The remaining question is: Did Drohn's false representations induce plaintiffs to pay an additional $ 15,000.00 for the stock? We think not. Drohn was a business man of mature years and long experience, and knew the functions of a corporation. Lampel was a telephone engineer and owned a small telephone company in Arkansas. Hosea was an expert telephone man; he also was a lawyer and had been admitted to the bar in Indiana in 1933, but practiced only before the public utilities commission of that State in connection with his own telephone business. The parties were dealing at arms' length. Lampel had accused Drohn of breaking the oral agreement to sell and his suspicions were therefore aroused. He had sought and secured expert advice from Hosea. Both plaintiffs had inspected the plant, bank accounts, and company records more or less fully. See Mahaffey v. Ferguson, 1893, 156 Pa. 156, 168, 27 A. 21. Since no representations had been made that a dividend was payable, Drohn's statements, to the effect that he personally owned approximately $ 15,000.00 of the bank funds deposited in the Company account and had a personal interest in the money and stock in the Company safe, were designed to influence plaintiffs to pay $ 95,000.00 instead of $ 80,000.00 for the stock. Although the representations were false, plaintiffs as well as Drohn knew, or should have known, that they were simply characterizations of Drohn's interest as a stockholder in the Company's assets; their falsity is so obvious as to preclude the inference that plaintiffs paid $ 15,000.00 in reliance upon their literal meaning. See Restatement of Contracts, Section 476, Comment d; Williston on Contracts, page 4229, Sections 1515, 1516: Restatement of Torts, Sections 537, 538, Comment c; Section 541. It taxes credulity that experienced business men would agree to trade dollars as plaintiffs would have the court believe. Plaintiffs in the exercise of common prudence and diligence were not justified in relying upon these representations. Compare: Slaughter's Adm'r v. Gerson, 1871, 80 U.S. 379, 13 Wall. 379, 30 L. Ed. 627; Andrus v. St. Louis Smelting Co., 1888, 9 S. Ct. 645, 130 U.S. 643, 647, 32 L. Ed. 1054.

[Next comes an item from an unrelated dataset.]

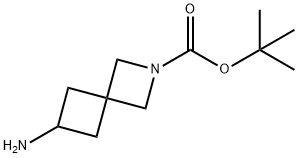 6-アミノ-2-アザスピロ[3.3]ヘプタン-2-カルボン酸TERT-ブチルエステル 化学構造式
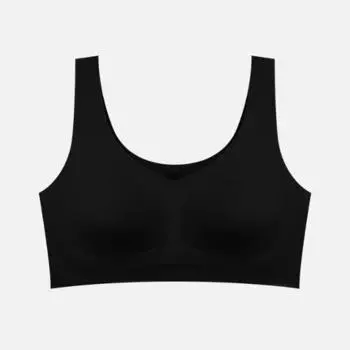 Dejam Mandeuk Free Бесшовный бюстгальтер Черный Black S (pad included)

Although part of the 'receipt' which Hosea wrote is couched in vague language, it is implicit therein that the $ 15,000.00 paid Drohn as 'part payment on purchase of 582 Shares' was for Drohn's interest as a stockholder in money and dividends, and stock and money in the Company safe. Instead of proving fraud by clear and satisfactory evidence, which burden is upon the plaintiffs, Ralston v. Philadelphia Rapid Transit Co., 1920, 267 Pa. 257, 110 A. 329, this document tends to prove that the plaintiffs correctly interpreted Drohn's misrepresentations to mean his share as a stockholder in the Company assets.
The net effect of Drohn's statements was to convince plaintiffs that he would not sell his stock to them for $ 80,000.00 until he caused a dividend to be declared which would pay him $ 15,000.00. It was natural for plaintiffs to believe that if they purchased the stock for $ 95,000.00 they would be able to recover the additional $ 15,000.00 by way of dividends. That they failed to achieve this result in August, 1946, was due to their neglect in procuring the written resignations of four directors prior to the purchase.
Appropriate findings of fact, conclusions of law, and a decree will be filed herewith.